Interspeech 2007 Session ThC.P3: Improved acoustic modeling for ASR
Thursday, August 30, 2007
13:30 – 15:30
James Glass (MIT)
Improved HMM/SVM Methods for Automatic Phoneme Segmentation
Jen-Wei Kuo, Institute of Information Science, Academia Sinica
Hung-Yi Lo, Institute of Information Science, Academia Sinica
Hsin-Min Wang, Institute of Information Science, Academia Sinica
This paper presents improved HMM/SVM methods for a two-stage phoneme segmentation framework, which tries to imitate the human phoneme segmentation process. The first stage performs hidden Markov model (HMM) forced alignment according to the minimum boundary error (MBE) criterion. The objective is to align a phoneme sequence of a speech utterance with its acoustic signal counterpart based on MBE-trained HMMs and explicit phoneme duration models. The second stage uses the support vector machine (SVM) method to refine the hypothesized phoneme boundaries derived by HMM-based forced alignment. The efficacy of the proposed framework has been validated on two speech databases: the TIMIT English database and the MATBN Mandarin Chinese database.
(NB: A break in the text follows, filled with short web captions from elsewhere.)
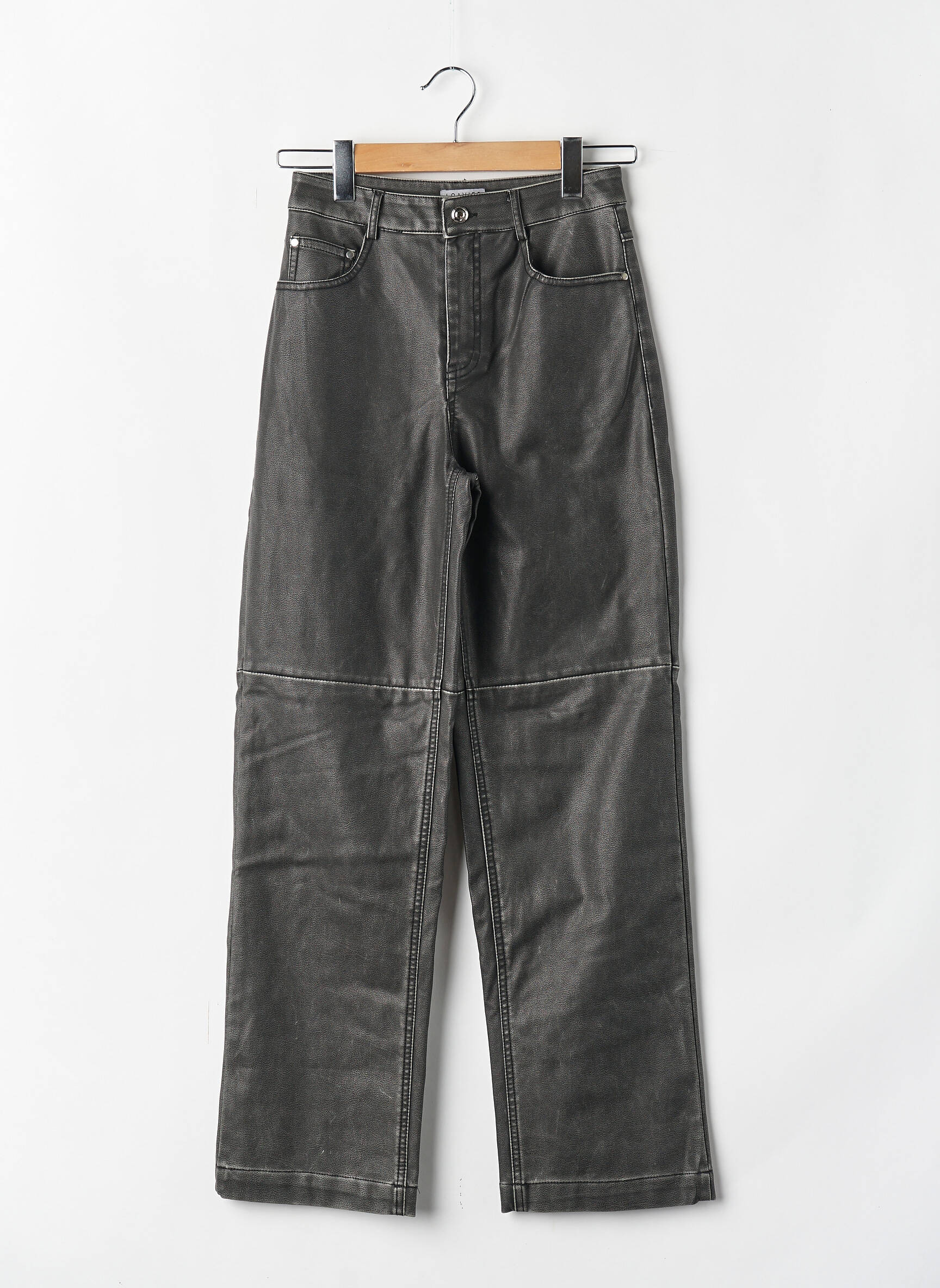 Pantalon droit noir LOAVIES femme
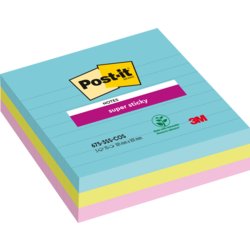 Super Sticky Notes Cosmic Collection, liniert, Post-it® Notes Super Sticky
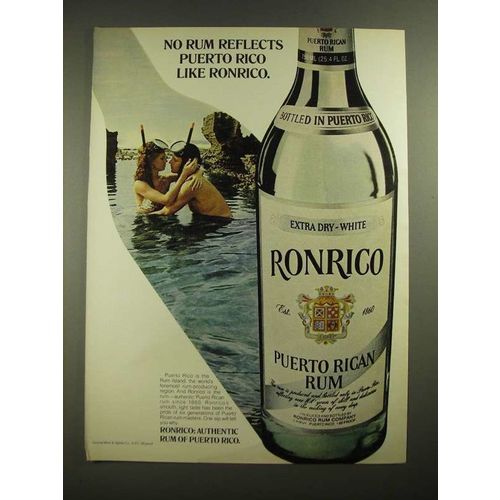 1980 Ronrico Rum Ad - No Rum Reflects Puerto Rico Like Ronrico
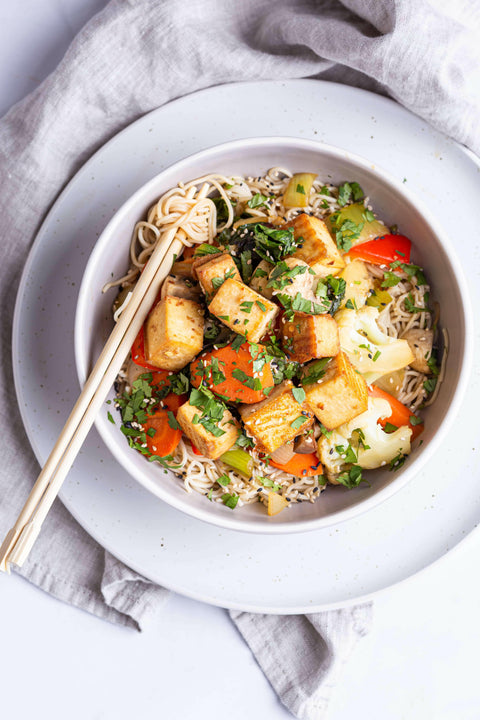 Crispy tofu Stir Fry Bowl | Recipe Download - Essential Sports Nutrition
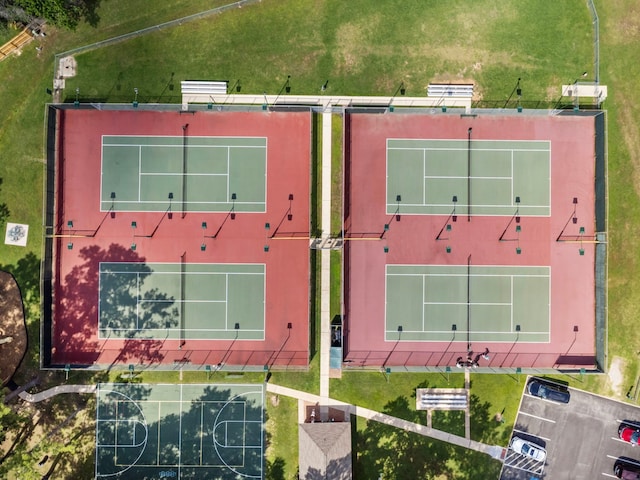 drone / aerial view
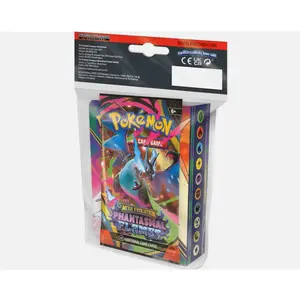 Pokémon Mega Evolution Phantasmal Flames Mini Portfolio – Includes 1 Booster Pack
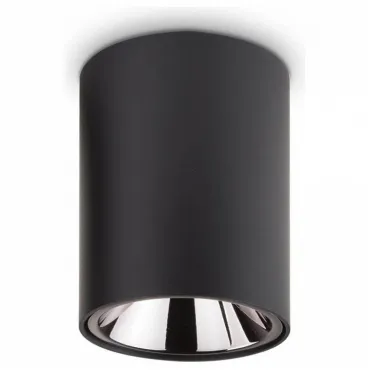 Накладной светильник Ideal Lux Nitro NITRO 15W ROUND NERO Цвет плафонов черный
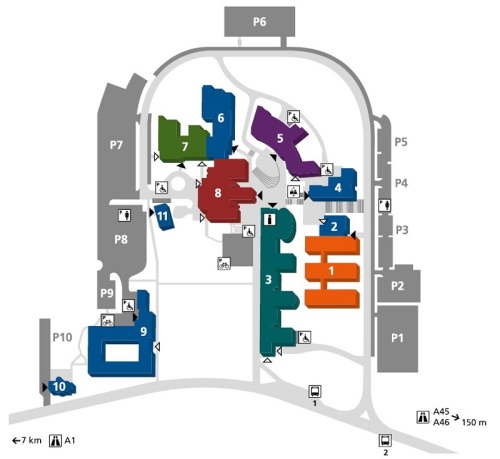 Map of the FernUniversität Campus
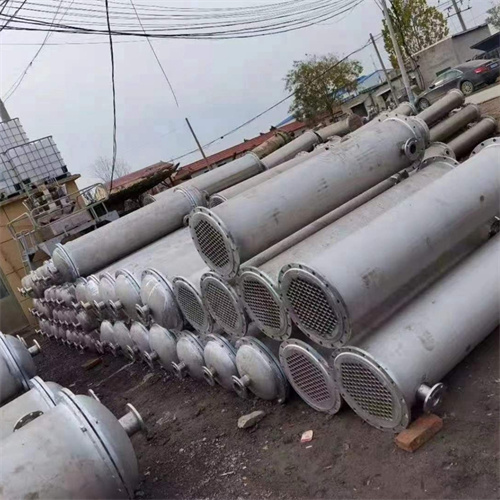 出售二手不锈钢列管式冷凝器 冷凝机各种型号冷凝器  传热设备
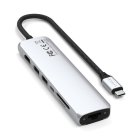 Satechi 7-in-1 USB-C Slim Multiport Adapter with Ethernet - Silver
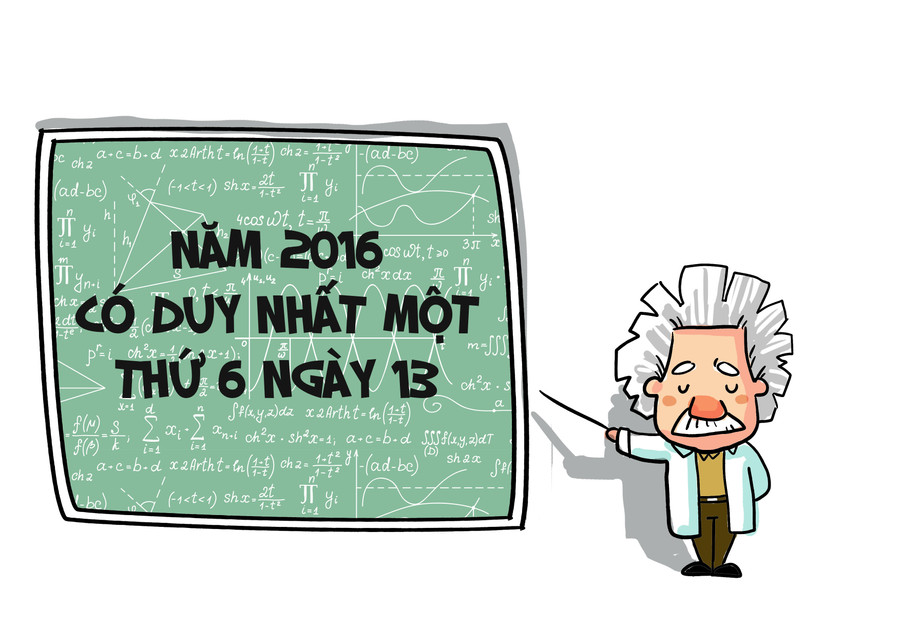 Bằng Toán học, các nhà nghiên cứu đã tính toán được, một năm bất kỳ có ít nhất một thứ 6 ngày 13 và nhiều nhất là ba ngày. Năm nay, thế giới chỉ phải "đón nhận" duy nhất một lần xui xẻo.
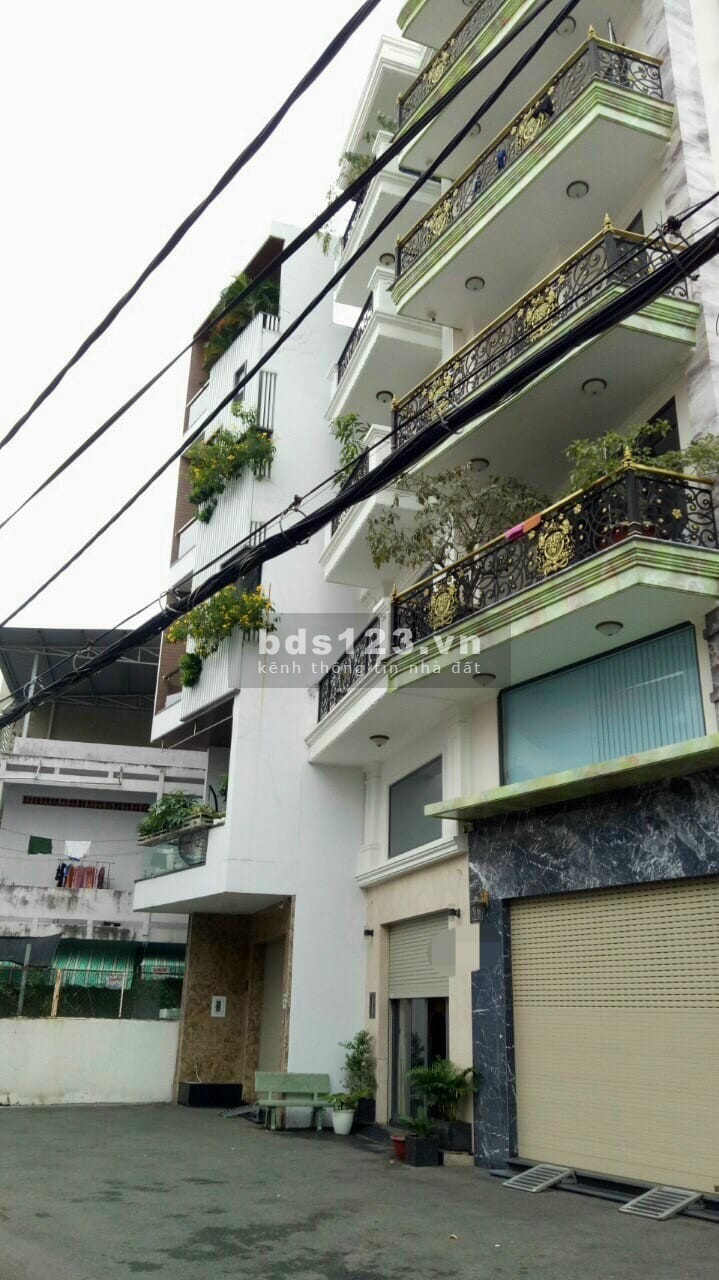 Bán nhà mặt tiền quận Bình Thạnh, 5 tầng, nở hậu, diện tích 48.7, chỉ 13 tỷ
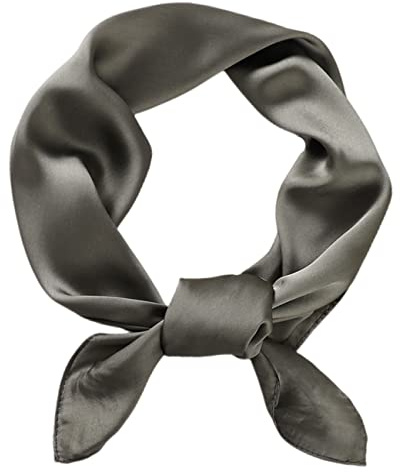 FAIRYGATE Seidenschal Damen Elegante Seidentuch Haare Seidentuch Halstuch Damen Seide Elegant Satintuch Halstuch Seide Bandana Tuch Kopftücher Taschentuch Ansatz Bandana A2312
Gaussian Mixture Optimization for HMM based on Efficient Cross-validation
Takahiro Shinozaki, Kyoto University
Tatsuya Kawahara, Kyoto University
A Gaussian mixture optimization method is explored using cross-validation likelihood as an objective function instead of the conventional training set likelihood. The optimization is based on reducing the number of mixture components by selecting and merging a pair of Gaussians step by step base on the objective function so as to remove redundant components and improve the generality of the model. Cross-validation likelihood is more appropriate for avoiding over-fitting than the conventional likelihood and can be efficiently computed using sufficient statistics. It results in a better Gaussian pair selection and provides a termination criterion that does not rely on empirical thresholds. Large-vocabulary speech recognition experiments on oral presentations show that the cross-validation method gives a smaller word error rate with an automatically determined model size than a baseline training procedure that does not perform the optimization.
Model-Space MLLR for Trajectory HMMs
Heiga Zen, Nagoya Institute of Technology
Yoshihiko Nankaku, Nagoya Institute of Technology
Keiichi Tokuda, Nagoya Institute of Technology
This paper proposes model-space Maximum Likelihood Linear Regression (mMLLR) based speaker adaptation technique for trajectory HMMs, which have been derived from HMMs by imposing explicit relationships between static and dynamic features. This model can alleviate two limitations of the HMM: constant statistics within a state and conditional independence assumption of state output probabilities without increasing the number of model parameters. Results in a continuous speech recognition experiments show that the proposed algorithm can adapt trajectory HMMs to a specific speaker and improve the performance of a trajectory HMM-based speech recognition system.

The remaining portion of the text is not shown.